瑤泉院の「よう参った。一日千秋の思いで待っていたぞ。近いのであろう?討ち入りは近いであろう?」という歓待に、大石はここで知らせれば瑤泉院は喜ぶかもしれないが、慎重である。ここにいる8人の腰元の中に上杉か吉良の間者がいるかもしれない。あと半日経てば、全てをわかってくれるはず…。

ゆえに大石は冷たい反応をする。「討ち入りなぞ考えたこともありません。人間の心は移り変わりやすいもの。もし、失敗すれば物笑いの種になるだけ。討ち入りはありません」。それでも瑤泉院は「安心いたせ。ここには怪しい者はいない。本心を伝えておくれ」と訊く。
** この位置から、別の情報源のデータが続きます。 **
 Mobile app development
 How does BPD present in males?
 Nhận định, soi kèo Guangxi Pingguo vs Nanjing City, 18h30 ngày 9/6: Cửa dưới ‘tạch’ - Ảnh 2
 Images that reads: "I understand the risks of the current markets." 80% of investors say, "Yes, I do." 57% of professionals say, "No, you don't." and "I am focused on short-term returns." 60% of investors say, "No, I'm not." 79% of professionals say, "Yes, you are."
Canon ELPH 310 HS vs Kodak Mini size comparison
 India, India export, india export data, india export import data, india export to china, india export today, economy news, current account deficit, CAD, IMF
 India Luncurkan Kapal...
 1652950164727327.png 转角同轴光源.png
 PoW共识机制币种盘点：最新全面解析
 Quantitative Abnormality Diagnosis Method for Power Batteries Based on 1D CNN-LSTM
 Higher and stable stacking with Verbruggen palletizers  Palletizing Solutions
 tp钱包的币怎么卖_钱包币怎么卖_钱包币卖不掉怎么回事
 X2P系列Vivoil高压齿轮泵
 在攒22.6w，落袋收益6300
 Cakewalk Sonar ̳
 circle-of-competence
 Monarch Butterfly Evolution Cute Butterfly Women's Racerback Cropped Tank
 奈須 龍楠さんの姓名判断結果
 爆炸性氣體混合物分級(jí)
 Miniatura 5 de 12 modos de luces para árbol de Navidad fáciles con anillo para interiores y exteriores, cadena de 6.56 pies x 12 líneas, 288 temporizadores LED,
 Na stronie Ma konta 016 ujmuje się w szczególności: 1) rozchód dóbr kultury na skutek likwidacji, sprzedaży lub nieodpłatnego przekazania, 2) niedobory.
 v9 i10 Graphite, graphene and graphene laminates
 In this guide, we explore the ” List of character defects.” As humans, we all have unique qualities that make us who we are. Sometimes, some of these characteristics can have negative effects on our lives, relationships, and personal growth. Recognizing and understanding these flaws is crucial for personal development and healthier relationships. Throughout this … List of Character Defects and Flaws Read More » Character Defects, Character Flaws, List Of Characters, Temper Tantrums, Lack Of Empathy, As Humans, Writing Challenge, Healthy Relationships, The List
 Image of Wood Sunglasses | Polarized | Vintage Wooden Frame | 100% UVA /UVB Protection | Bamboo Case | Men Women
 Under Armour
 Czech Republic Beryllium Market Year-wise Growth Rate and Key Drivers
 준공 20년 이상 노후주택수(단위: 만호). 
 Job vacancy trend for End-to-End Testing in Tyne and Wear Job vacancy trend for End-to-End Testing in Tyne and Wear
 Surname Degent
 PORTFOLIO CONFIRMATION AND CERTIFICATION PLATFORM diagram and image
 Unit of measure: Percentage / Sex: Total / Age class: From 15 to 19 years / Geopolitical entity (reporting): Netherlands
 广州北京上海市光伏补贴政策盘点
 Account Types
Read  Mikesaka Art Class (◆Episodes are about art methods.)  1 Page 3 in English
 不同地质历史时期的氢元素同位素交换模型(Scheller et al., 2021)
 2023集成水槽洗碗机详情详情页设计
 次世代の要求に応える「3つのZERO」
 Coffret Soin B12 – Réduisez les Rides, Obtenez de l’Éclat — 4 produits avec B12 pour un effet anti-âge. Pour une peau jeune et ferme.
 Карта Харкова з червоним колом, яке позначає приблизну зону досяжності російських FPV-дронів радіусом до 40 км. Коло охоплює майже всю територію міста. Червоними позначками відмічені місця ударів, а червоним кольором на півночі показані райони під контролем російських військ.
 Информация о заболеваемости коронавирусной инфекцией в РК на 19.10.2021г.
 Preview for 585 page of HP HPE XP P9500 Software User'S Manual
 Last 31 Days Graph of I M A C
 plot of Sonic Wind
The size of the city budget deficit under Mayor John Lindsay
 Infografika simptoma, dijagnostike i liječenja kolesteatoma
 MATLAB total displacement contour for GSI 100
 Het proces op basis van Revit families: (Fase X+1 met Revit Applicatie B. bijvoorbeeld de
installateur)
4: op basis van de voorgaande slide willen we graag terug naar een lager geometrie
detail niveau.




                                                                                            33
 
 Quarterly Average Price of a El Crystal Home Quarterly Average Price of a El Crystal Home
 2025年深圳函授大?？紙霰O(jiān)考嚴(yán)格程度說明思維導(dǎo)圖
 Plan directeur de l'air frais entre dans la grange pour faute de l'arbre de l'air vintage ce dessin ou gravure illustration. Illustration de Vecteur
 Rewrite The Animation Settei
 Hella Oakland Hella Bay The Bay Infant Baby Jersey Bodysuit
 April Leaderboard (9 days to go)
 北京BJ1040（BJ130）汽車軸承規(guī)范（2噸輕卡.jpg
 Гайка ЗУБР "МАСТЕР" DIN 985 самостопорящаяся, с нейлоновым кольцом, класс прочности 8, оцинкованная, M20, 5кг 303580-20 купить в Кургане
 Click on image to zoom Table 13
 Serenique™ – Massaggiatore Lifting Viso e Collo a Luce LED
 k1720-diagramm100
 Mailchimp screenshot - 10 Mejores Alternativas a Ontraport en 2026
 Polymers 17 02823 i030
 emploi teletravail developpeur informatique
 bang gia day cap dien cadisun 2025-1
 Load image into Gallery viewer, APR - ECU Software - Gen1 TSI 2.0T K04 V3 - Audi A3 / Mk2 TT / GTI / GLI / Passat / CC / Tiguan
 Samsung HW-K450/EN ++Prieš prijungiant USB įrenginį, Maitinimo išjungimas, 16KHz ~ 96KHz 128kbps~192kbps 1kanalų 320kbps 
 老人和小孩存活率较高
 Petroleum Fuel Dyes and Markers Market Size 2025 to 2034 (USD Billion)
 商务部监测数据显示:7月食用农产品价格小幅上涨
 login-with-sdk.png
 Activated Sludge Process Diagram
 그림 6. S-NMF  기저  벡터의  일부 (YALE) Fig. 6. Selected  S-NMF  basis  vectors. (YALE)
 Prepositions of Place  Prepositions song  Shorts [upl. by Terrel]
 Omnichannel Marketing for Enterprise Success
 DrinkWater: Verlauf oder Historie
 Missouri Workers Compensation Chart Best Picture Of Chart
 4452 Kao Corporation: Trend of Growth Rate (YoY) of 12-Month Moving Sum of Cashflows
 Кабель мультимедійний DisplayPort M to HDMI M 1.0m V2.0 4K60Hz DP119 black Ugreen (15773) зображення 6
大石は心を鬼にする。「かつては三千石の筆頭家老だったが、今では痩せ浪人になってしまった。それも殿ゆえ。仇討など毛頭なく、恨みこそあれ、何もする気はありません」。瑤泉院は食い下がる。「何故、偽りを言う?重々わかっておる。敵を欺くためであろう?教えておくれ」。それでも大石は「毛頭考えてもいません」。瑤泉院は「この殿の位牌の前で言えるのか?」。

大石は五臓六腑を掴まれる思いだ。そして、「自業自得かと」。この言葉に瑤泉院は怒った。「お前は犬侍、畜生侍に成り下がったのか。情けない」。持病の癪が起き、「二度とこの屋敷に踏み入るな!」と声を荒げた。大石も忸怩たる思いであったろう。

大石は戸田局と別間で話す。だが、やはり用心して本心は明かさない。戸田局の兄の小野寺十内は祇園で幇間、弟の幸右衛門は車力として野菜などを運んでいると噓八百を並べる。「町人の方が肌が合う。刀は質屋に入れたそうです。侍には見切りをつけたとのこと」。そして、紫の袱紗包みを渡し、「腰折れ歌」だと言って、瑤泉院に渡すように頼む。これが仇討同士血判状だとは、そのとき戸田局には知る由もない。

屋敷を去るときの大石の心情を空模様に表現しているのが素晴らしい。雪というのは何故こうも美しいのか。一点の曇りもない。「侍はかくありたい」という台詞が胸を打つ。

紅梅という腰元が吉良方の間者だと判明し、“腰折れ歌”が血判状だと判った戸田局が寝床に就いた瑤泉院を起こして、事の次第を話す。瑤泉院は手が震えて血判状が読めない。代わりに戸田局が四十七士の名前を読み上げるとき、聴き手の心も震えた。「内蔵助はどのような思いで?」「おそらく別れを告げに」。瑤泉院と戸田局の言葉のやりとりに、大石内蔵助の浅野内匠頭と瑤泉院、そして赤穂藩全体に対する愛情が溢れていたような気がした。